══ Source data ══

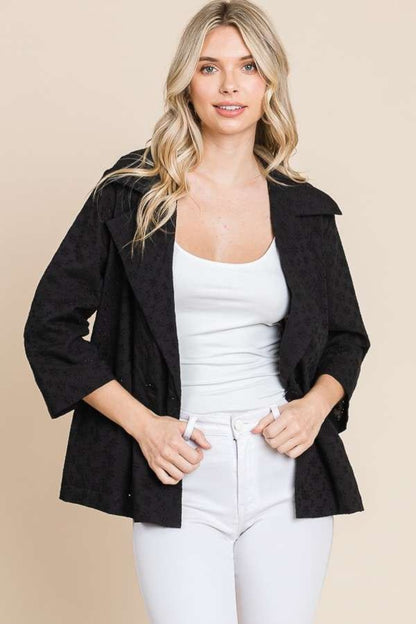 Culture Code Double Breasted Eyelet Jacket with Pockets Black
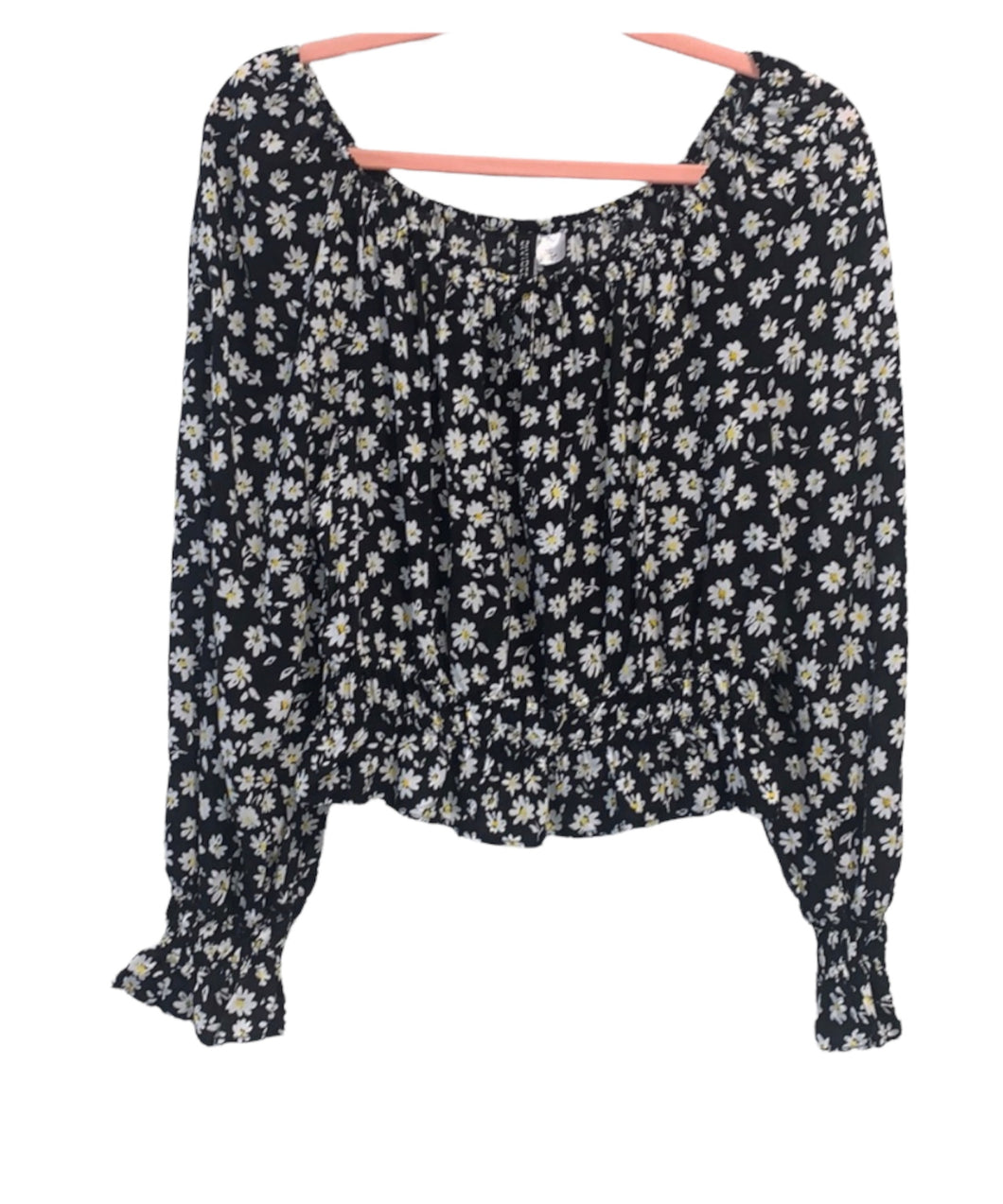 Small H&M Black Daisy Floral Smock Crop Top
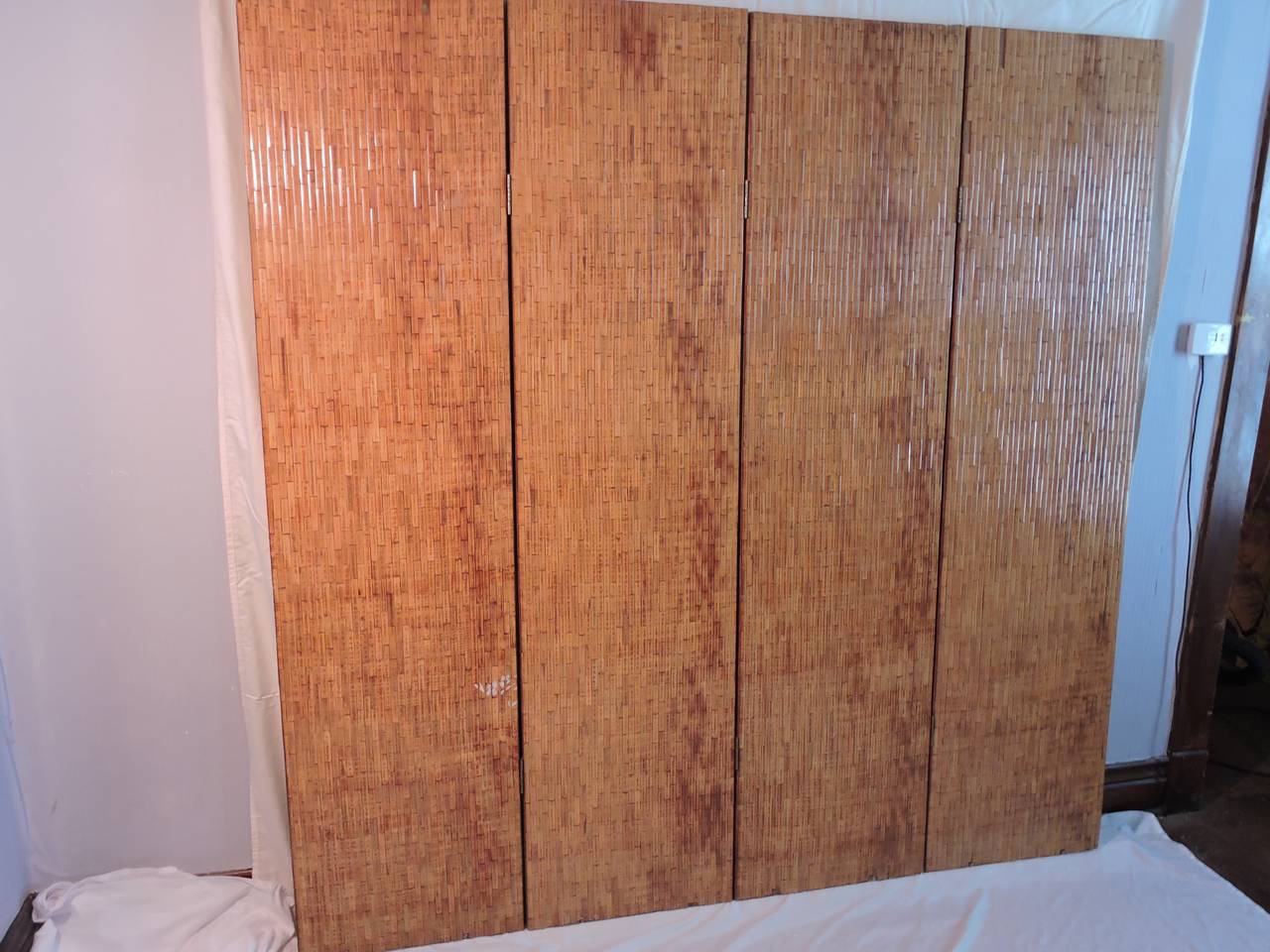 Rattan Palm Tree Screen In Excellent Condition For Sale In Miami, FL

═══

Nothing but the lines from the one containing "Small H&M Black Daisy Floral Smock Crop Top" through the end of the listing should be printed, each exactly as it appears and without pictures.

◆ **Your solution**:
 Small H&M Black Daisy Floral Smock Crop Top
 Rattan Palm Tree Screen In Excellent Condition For Sale In Miami, FL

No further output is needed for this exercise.